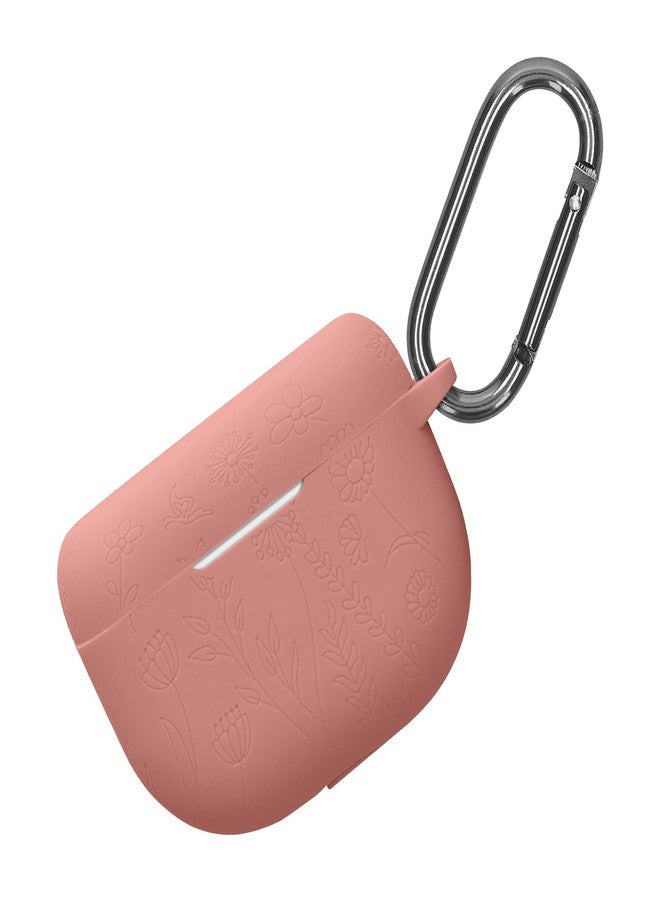 kwmobile Silicone Carry Case Compatible with Jabra Elite 8 Active Cover - Embossed Soft Rubber Pouch - Embossed Pattern - Image 1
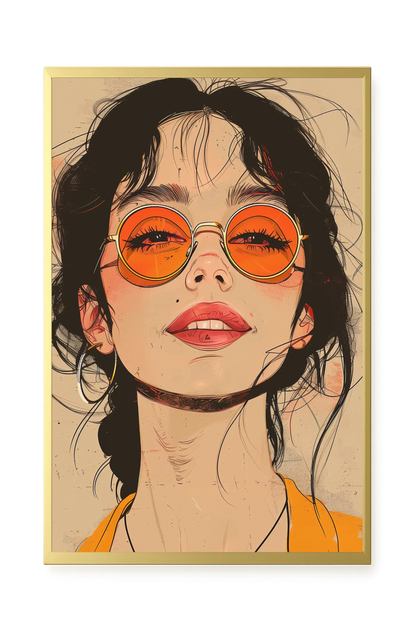 Bold Gaze Canvas Wall Art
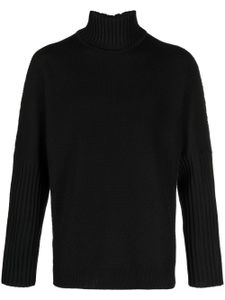 Issey Miyake pull en maille à col montant - Noir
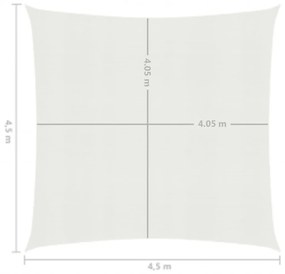 Πανί Σκίασης Λευκό 4,5 x 4,5 μ. από HDPE 160 γρ./μ² - Λευκό
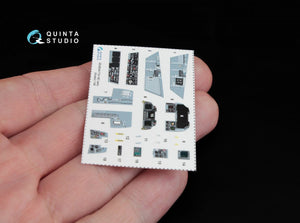 Intérieur imprimé en 3D et coloré sur papier décalcomanie (pour Kinetic) Quinta Studio QD48044 F/A-18C (première version) 1/48 – image 8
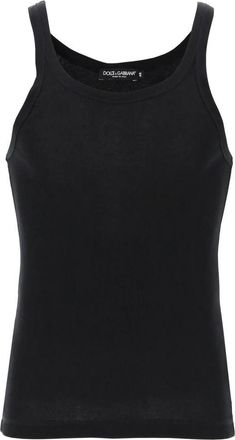 Dolce & Gabbana Canotta - Heren - Tops zonder mouwen - Zwart - L - Katoen - Tops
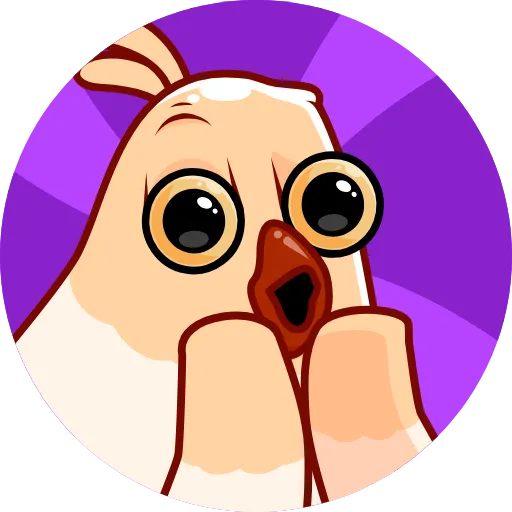 🤩 Эмодзи «Белая Клунька» для Telegram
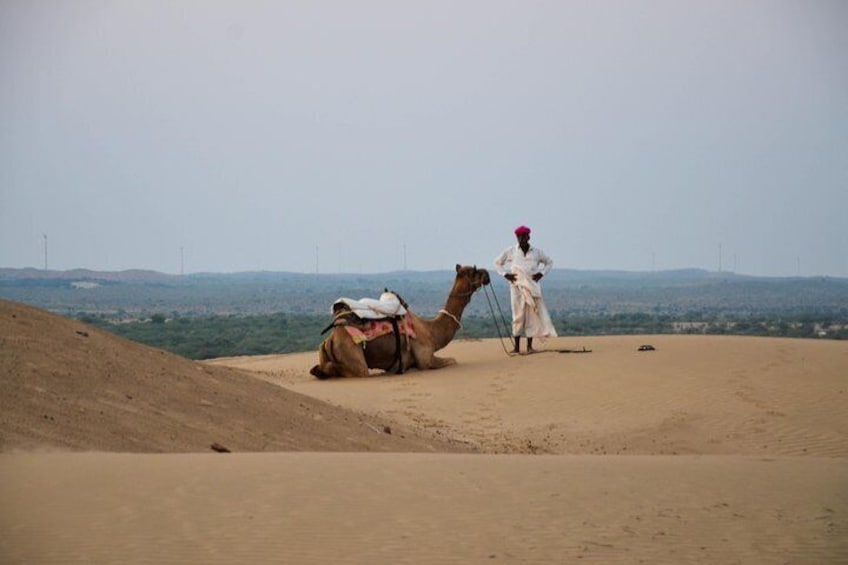 Camel safari in deep Thar desert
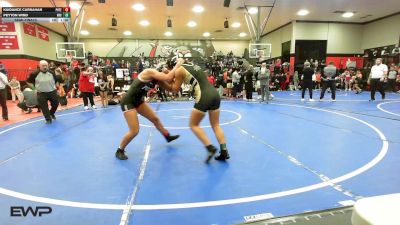 120 lbs Semifinal - Kaidance Carnahan, Poteau vs Peyton Wind, Henryetta HS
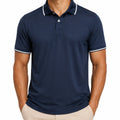 Polo uomo taglia M in tessuto sintetico blu navy stile casual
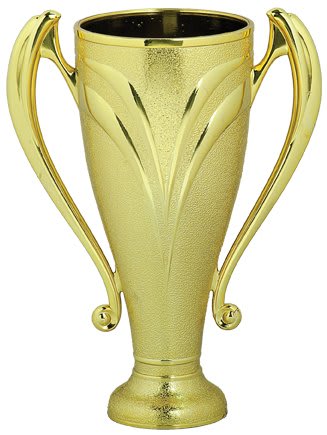 7" Gold Plastic Victory Cup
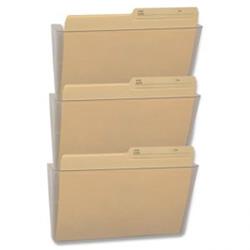 STOREX Wall PCkt Unbrk Ltr Clear 3/pk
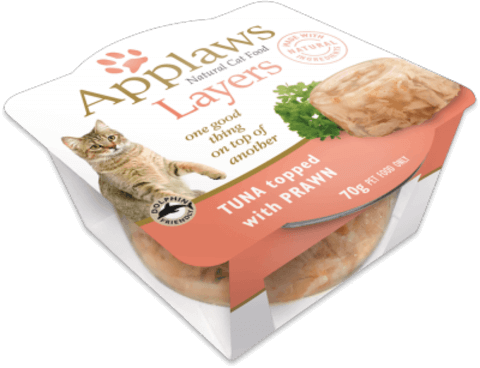 купить Applaws Cat Tuna with Prawn shrimp Layer pot консервы для взрослых кошек, тунец и креветка в желе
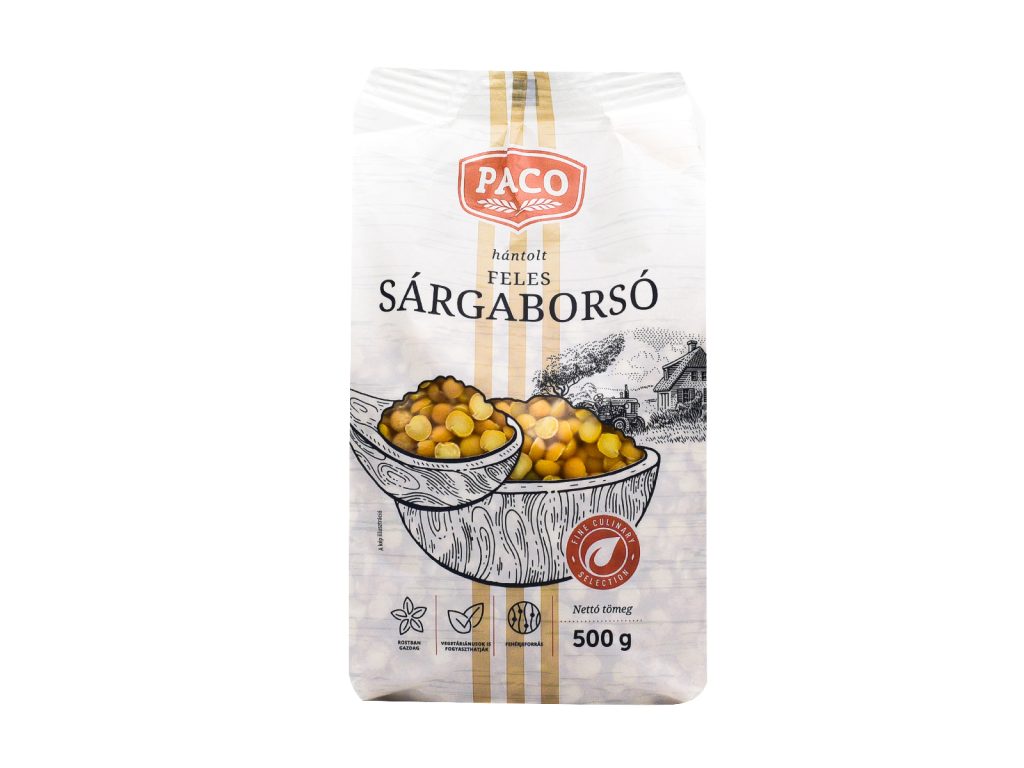 PACO SÁRGABORSÓ HÁNTOLT, FELES 500G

::::::::

Work instruction -> Take the line containing "Bold Gaze Canvas Wall Art" and every line after it up to the end of the data, and write them out exactly, without the pictures.

Result ->
 Bold Gaze Canvas Wall Art
 Issey Miyake pull en maille à col montant - Noir
 Πανί Σκίασης Λευκό 4,5 x 4,5 μ. από HDPE 160 γρ./μ² - Λευκό
 Intérieur imprimé en 3D et coloré sur papier décalcomanie (pour Kinetic) Quinta Studio QD48044 F/A-18C (première version) 1/48 – image 8
 Dolce & Gabbana Canotta - Heren - Tops zonder mouwen - Zwart - L - Katoen - Tops
 🤩 Эмодзи «Белая Клунька» для Telegram
 Camel safari in deep Thar desert
 120 lbs Semifinal - Kaidance Carnahan, Poteau vs Peyton Wind, Henryetta HS
 Polo uomo taglia M in tessuto sintetico blu navy stile casual
 7" Gold Plastic Victory Cup
 STOREX Wall PCkt Unbrk Ltr Clear 3/pk
 купить Applaws Cat Tuna with Prawn shrimp Layer pot консервы для взрослых кошек, тунец и креветка в желе
 PACO SÁRGABORSÓ HÁNTOLT, FELES 500G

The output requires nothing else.